Saturday, January 29, 2005

No, I do not find you despicable. In the past I have been in the middle of whatever is going on with you and Ed and I don't want to be there this time. I felt like the topic of Ed would invariably come up and I don't want to go there with you. He is my friend and although I have been critical of him in the past he is still one coolest people I have ever met. So I don't want to be in any position of hearing more than I should.

Secondly I have had stuff going on myself. Last weekend my heat went out in my house so it was colder inside my house than it was outside. The furnace was replaced Monday. I developed an ear infection along with the flu and ran fever until Thurs. of this week. I think my antibiotic was making me sick. I cannot hear. So I have missed almost 2 weeks of classes and I am thinking of dropping out for the semester.

I have just felt like crap and not wanted to get into the middle of anything.

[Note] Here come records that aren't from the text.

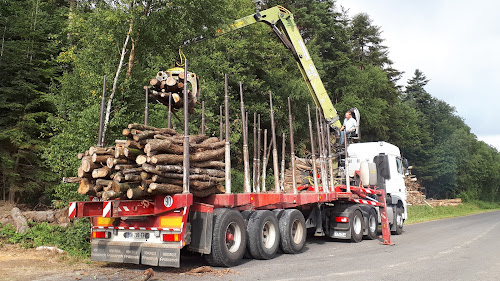 Magasin de bois de chauffage ETS Cevik Feings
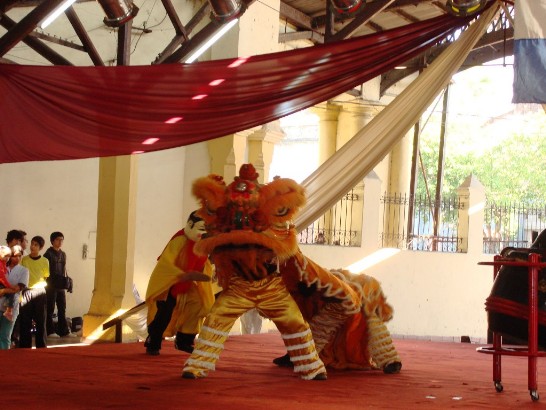 2010.06.08 舞獅表演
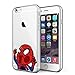 Litech Case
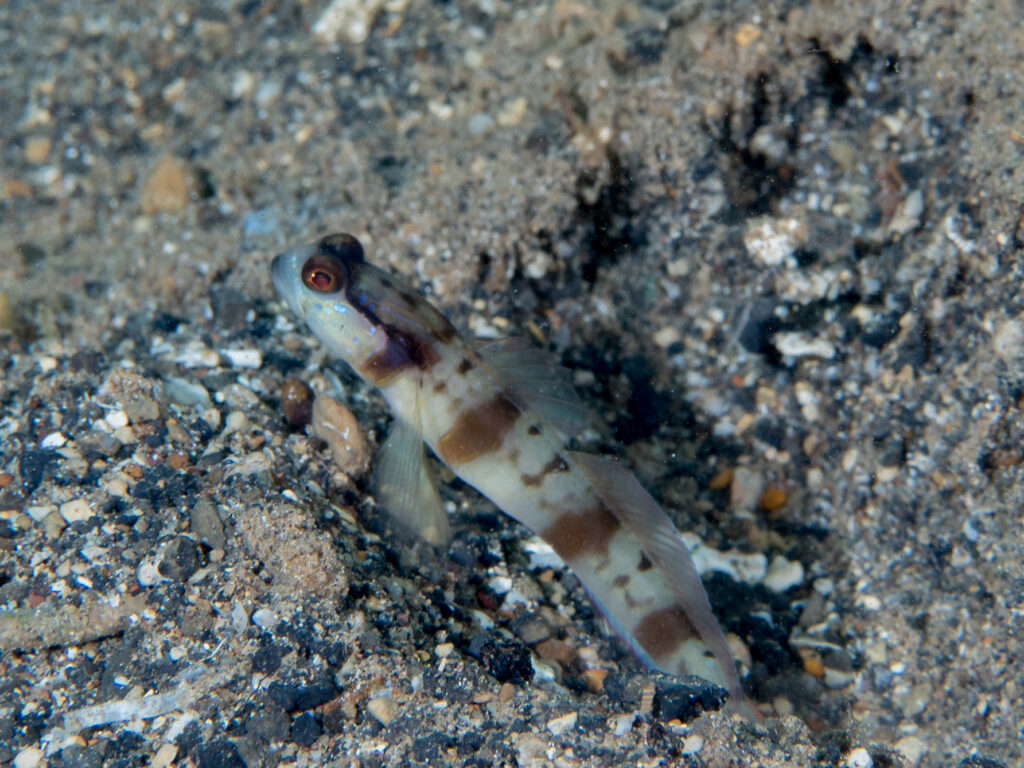 Amblyeleotris masuii (Amblyeleotris masuii) |commons:File:Masui's shrimpgoby (Amblyeleotris masuii) (26769604238).jpg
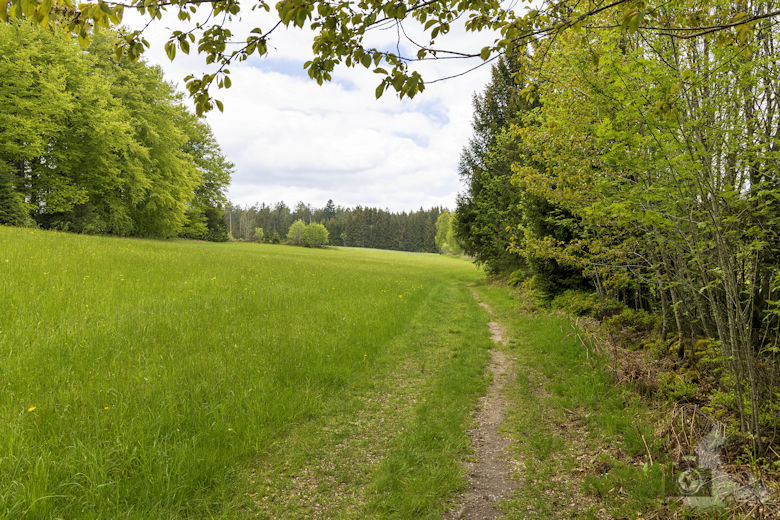 Schwarzwälder Genießerpfad - Auerhahnweg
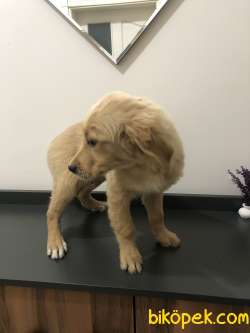 3 Aylık Erkek Ve Dişi Golden Retriever 5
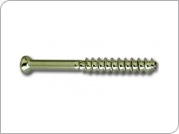 Cannulated Screw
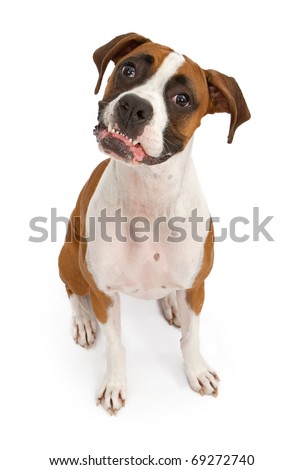 Boxer Sitting Down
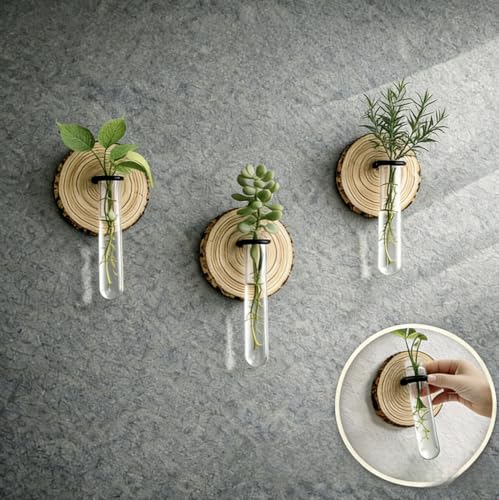 Wall Mounted Test Tube Vase with Natural Wood Slice Base, Hanging Propagation Station for Plants, Rustic Boho Home Decor (3pc Multicolor) - color: 3pc Multicolor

There's my answer. I simply replied, "Hope you feel better soon," and left it at that. I could have expressed condolences at her recent misfortunes, but she's chosen not to be my friend, so why should I care? Oh, and nice that I had to ask. She likes to come across as "evolved" and "together," but she's the passive aggressive, fear-of-confrontation queen. To hell with her.

1 Comments:

At 11:20 AM, Blogger Newpeep, N.D. (neurotic depressive) said...

Well, I do feel better for having asked, and for knowing. I'll get over it. I want my scarf back.